Just like to get some info on a couple of dreads-the Seagull Entourage Rustic Acoustic Electric Tuner QI cutaway & the the Norman B18 CW. My son is considering one or the other-he plays a little country/bluegrass-which one one be the better pick. I know bith are canadian made and somewqhere in the same price range i think. anyway any info. would be apprec. so i can pass it on to him. thanks


----------



## GuitarsCanada

Basically the Norman is the entry level guitar and the Seagull is the level up from that. Each have varying levels within themselves but the Seagull is the higher end guitar. They are both made by Godin in Quebec


----------



## ThePass

I've played both and really liked each. Can't go wrong either way.


----------



## Steadfastly

GuitarsCanada said:


> Basically the Norman is the entry level guitar and the Seagull is the level up from that. Each have varying levels within themselves but the Seagull is the higher end guitar. They are both made by Godin in Quebec


This is correct. If the price is similar, I would go with the Seagull. The wood and bracing are different in these guitars with the better wood and design in the Seagull. (This is also true of the Simon & Patrick in it's of better quality than the Norman line).


----------



## ThePass

Slightly off topic but while we are mentioning the stepping stones to a Seagull, where would my A&L Folk Cedar fit in?


----------



## Roryfan

GuitarsCanada said:


> Basically the Norman is the entry level guitar and the Seagull is the level up from that. Each have varying levels within themselves but the Seagull is the higher end guitar. They are both made by Godin in Quebec



The old Normans are fantastic. The best $200 I've ever spent was on a "pre-fire" B-20 that I picked up in the early 90s when I was living in Montreal.


----------



## Steadfastly

ThePass said:


> Slightly off topic but while we are mentioning the stepping stones to a Seagull, where would my A&L Folk Cedar fit in?
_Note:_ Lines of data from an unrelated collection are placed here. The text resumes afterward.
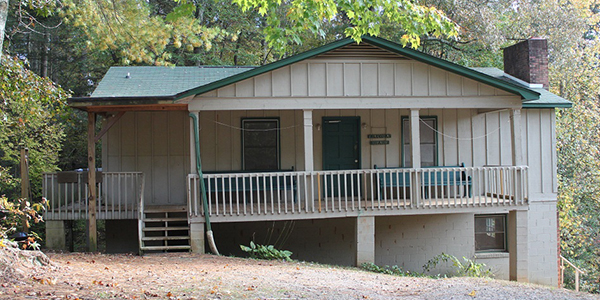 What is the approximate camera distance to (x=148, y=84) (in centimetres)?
1351

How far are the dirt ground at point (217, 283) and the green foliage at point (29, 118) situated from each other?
3516 mm

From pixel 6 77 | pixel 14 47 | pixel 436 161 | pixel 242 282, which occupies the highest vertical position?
pixel 14 47

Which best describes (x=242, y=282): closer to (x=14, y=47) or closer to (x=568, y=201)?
(x=568, y=201)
I think it's similar to Seagull and S & P. I was told by a guy at the Guitar Shop that most of the models are branded differently so stores in the same area can buy from them but have different guitars. Sort of like the Chevy and Pontiac idea.


----------



## S6 Cedartop

Most Seagulls have the 1.8" neck - slightly wider than the Normans, Simon&Patricks, and the Art&Lutheries. All Godin-built guitars, body styles are virtually identical. All are fine value for the money/


----------



## Greg Ellis

There's a MAJOR difference in the neck profile, in my experience. My '91 Norman B20 Folk neck is very slim front to back, almost like an Ibanez Wizard neck. The Seagulls I've played are like baseball bats, by comparison.


----------



## Steadfastly

Greg Ellis said:


> There's a MAJOR difference in the neck profile, in my experience. My '91 Norman B20 Folk neck is very slim front to back, almost like an Ibanez Wizard neck. The Seagulls I've played are like baseball bats, by comparison.
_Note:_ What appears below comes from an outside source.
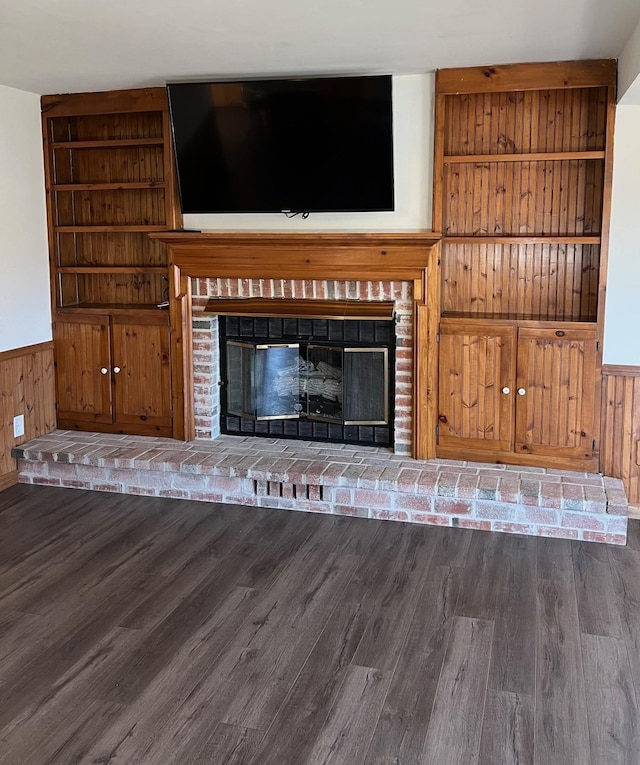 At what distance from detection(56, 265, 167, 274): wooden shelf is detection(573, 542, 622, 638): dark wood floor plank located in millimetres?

That must have changed somewhere along the line for the new ones are not like that at all but have the standard Godin shaped neck.


----------



## S6 Cedartop

The Seagull 1.8" neck is kinda chunky, and does take some getting used to, but offers fingerpickers a little extra space. And, of course, there's also the S6 Slim, which has a standard width neck...


----------



## Mooh

I love the folk size guitars that Godin makes. Several of my students have them and they all sound great. There's none of that Dreadnought boom of course, but everything else is there, tonally. Very comfortable to play too. One guy has one with a spruce top with tons of bear claw figure in it. Another has one with a cedar top, slot head, and tone that would be hard to match for twice the money.

I had an orange one (I forget which badge it had, either A&L or S&P) which I used as a student loaner. I replaced the nut and saddle with bone and the pins with ebony, installed strap buttons, and a pickup. Anyone who borrowed it loved it and I could have sold it many times. It came to be known as The Pumpkin, due to its colour. I eventually sold it to my neice's boyfriend when he was in need. That was 3 years ago. I never replaced it until last week when I placed an order for a Norman B-18 folk. It will be the new student loaner. I'll decide after it's been here a while whether I replace any parts. 

Norman, Seagull, S&P...lots of bang for the buck.

Peace, Mooh.


----------